DESCRIPTION OF THE TASK :: Skip the pictures. Retype exactly, and only, the lines between the line holding "8畳用〜12畳用 ¥5万8000円☆ - エアコン" and the last line below, inclusive.

DATA SEGMENT ::

★ ★ ★ ★ ★

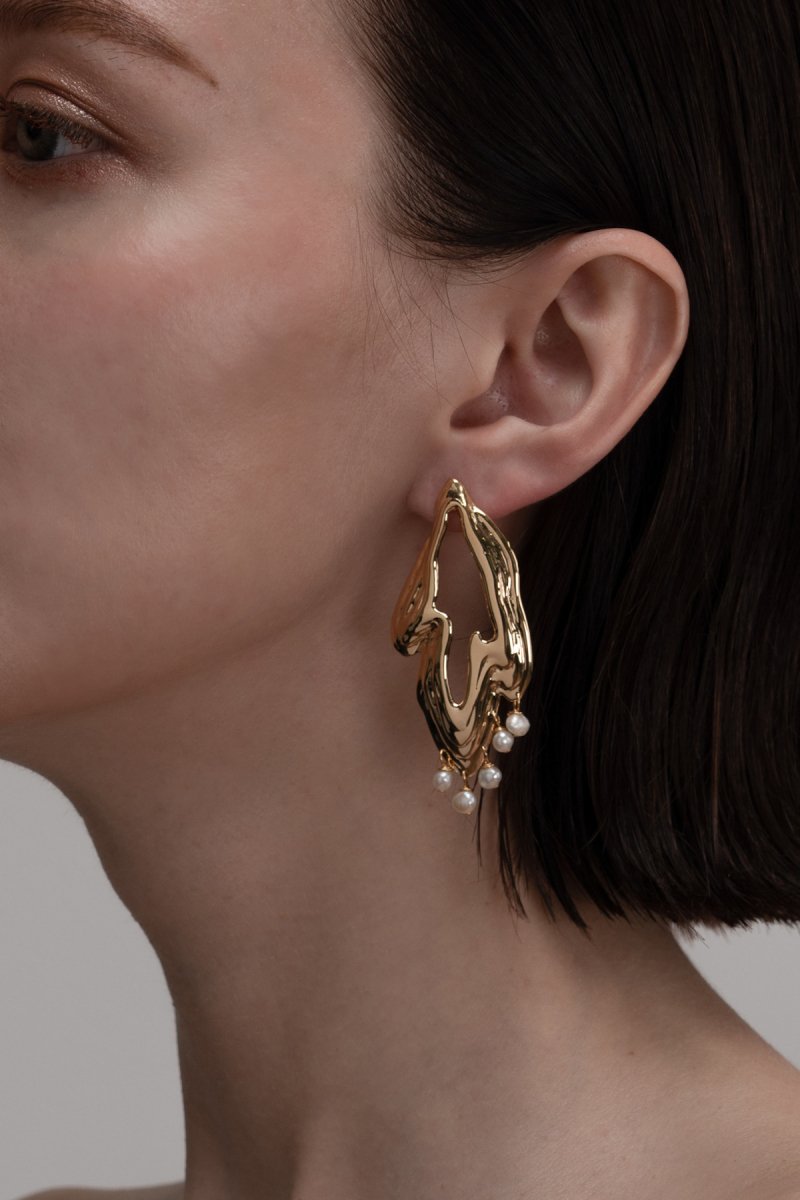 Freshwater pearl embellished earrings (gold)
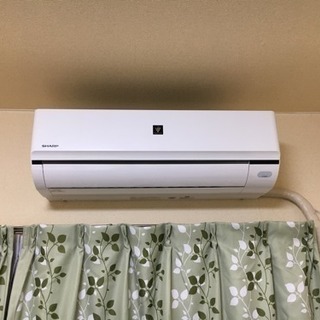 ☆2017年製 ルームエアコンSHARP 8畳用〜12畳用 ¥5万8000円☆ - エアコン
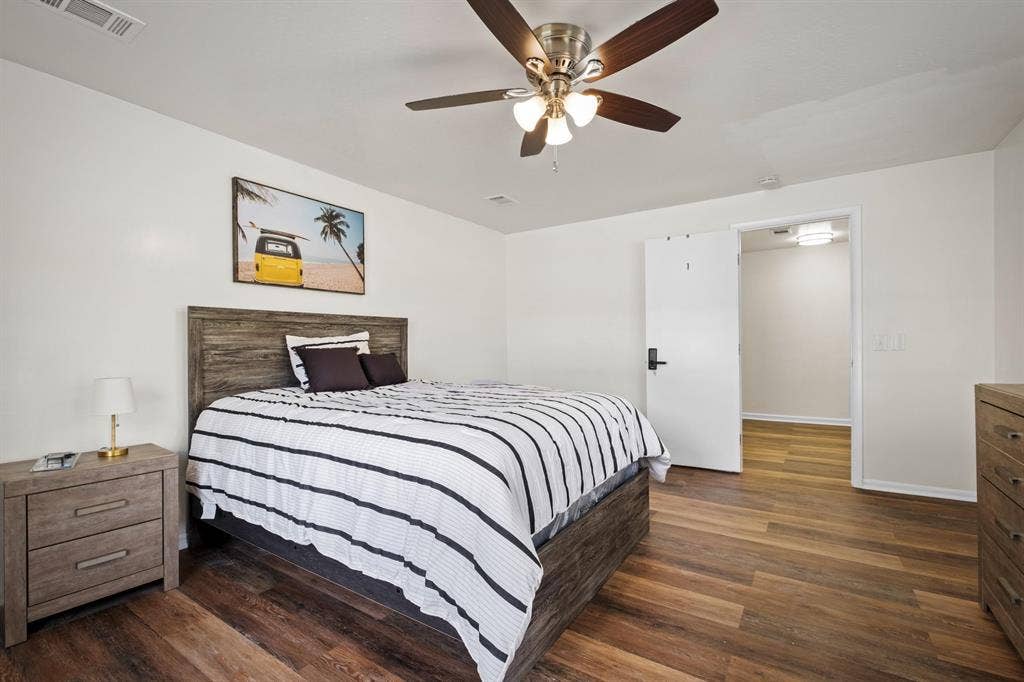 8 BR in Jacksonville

★ ★ ★ ★ ★

OUTPUT ::
 ☆2017年製 ルームエアコンSHARP 8畳用〜12畳用 ¥5万8000円☆ - エアコン
 8 BR in Jacksonville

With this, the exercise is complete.